Why Doesn’t The Fed Funds Rate Impact Mortgage Rates?
When you take out a mortgage, you’re borrowing money today, a year from now, two years from now and all the way out to 30 years from now.
At the same time, your bank is lending you money for 30 years and needs to consider what else it could do with that money over those 30 years so they consider today's interest rates and those in the future. If rates are going up, they're not going to lend money for 30 years at today's rate. They would lend at the average rate over that period.
As an analogy, consider this proposal. You're offered -
- $100 this year
- $200 next year
- ...
- $1,000 in ten years
If instead, I offered you $1,000 today, would you take it? Of course not.
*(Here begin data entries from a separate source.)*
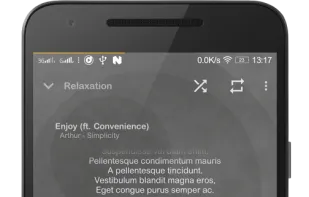 Music Player Mezzo screenshot 2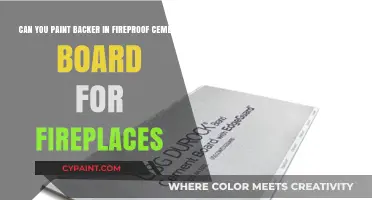Painting Fireproof Cement Board Backer for Fireplaces: Tips and Safety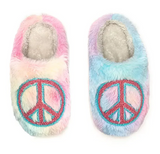 Kid's Rainbow Peace Slippers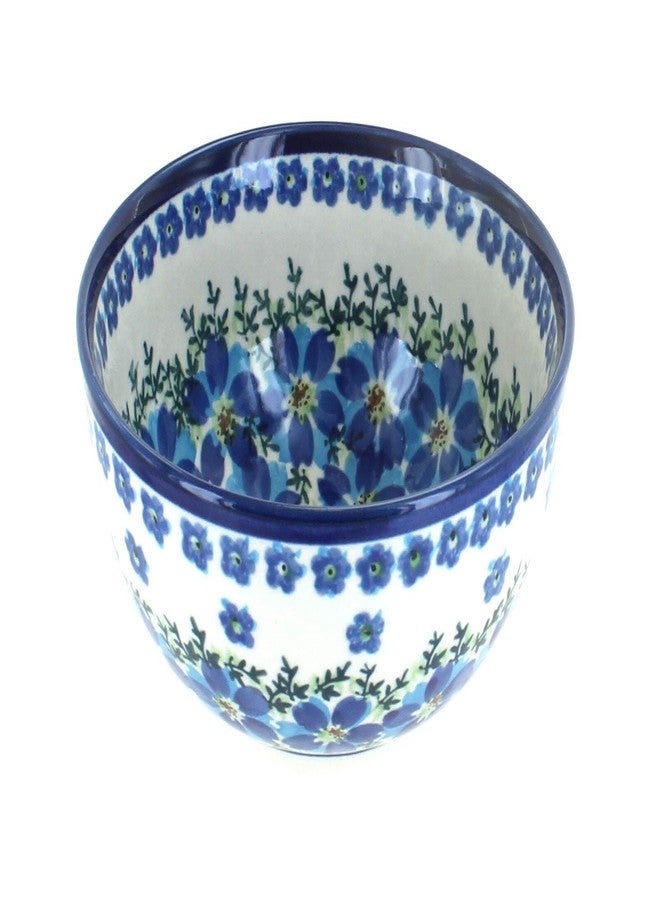 Blue Rose Pottery Blue Rose Polish Pottery - Blue Kalina Dessert Bowl - 5.5" Diameter - Perfect Bowl for Desserts, Appetizers, and Snacks - Image 1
You’d be giving up $5,500.
A 10 Year Treasury does the same thing with interest rates. It takes everyone’s expectations for interest rates today, next year, up to ten years from now and figures out what that is worth today.
A rising fed funds rate only matters to mortgage rates if it's a surprise. Think about it:
- Everyone agrees - the Fed is going to raise interest rates (the fed funds rate).
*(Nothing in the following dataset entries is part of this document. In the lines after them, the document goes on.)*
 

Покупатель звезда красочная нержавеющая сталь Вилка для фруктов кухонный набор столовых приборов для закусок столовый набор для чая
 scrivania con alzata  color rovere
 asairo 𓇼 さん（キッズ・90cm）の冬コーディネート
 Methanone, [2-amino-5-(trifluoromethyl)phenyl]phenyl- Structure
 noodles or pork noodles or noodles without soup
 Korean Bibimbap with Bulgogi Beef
- Since everyone agrees, the increase is already included in everyone’s 10 Year Treasury forecasts.
- Mortgage rates mirror the 10 Year Treasury so the increase is also included in today's mortgage rates.
So What Does Cause Mortgage Rates To Change?
One word - expectations.
When everyone starts to think the Fed won’t raise their interest as quickly or aggressively as they previously expected, interest rates go down.
In the example above, what would happen if instead of your payment going up $100 each year, the payments now only went up $50 each year? Even though the payments are still going up, you would be disappointed and willing to sell that future income stream for less. The same thing happens with interest rates - if they're going up but not as fast as previously expected, today's rates go down.
This is why you'll often see the Fed increase rates and 10 Year Treasury rate (and therefore mortgage rates) decreases. In fact, since the market is never exactly right, interest rates are as likely to go down as up when the Fed increases interest rates.
How Should Interest Rates Affect Your Home Buying Process?
Homebuyers typically think about interest rates twice - when they’re thinking about buying in general and when they can lock in an interest rate.
For all of the reasons above, do not let anyone tell you to buy now because interest rates are going up!
However, locking in a rate can be a good idea as it eliminates interest rate risk. Provided you have enough time to close, a rate lock allows you to know exactly what your mortgage payment will be.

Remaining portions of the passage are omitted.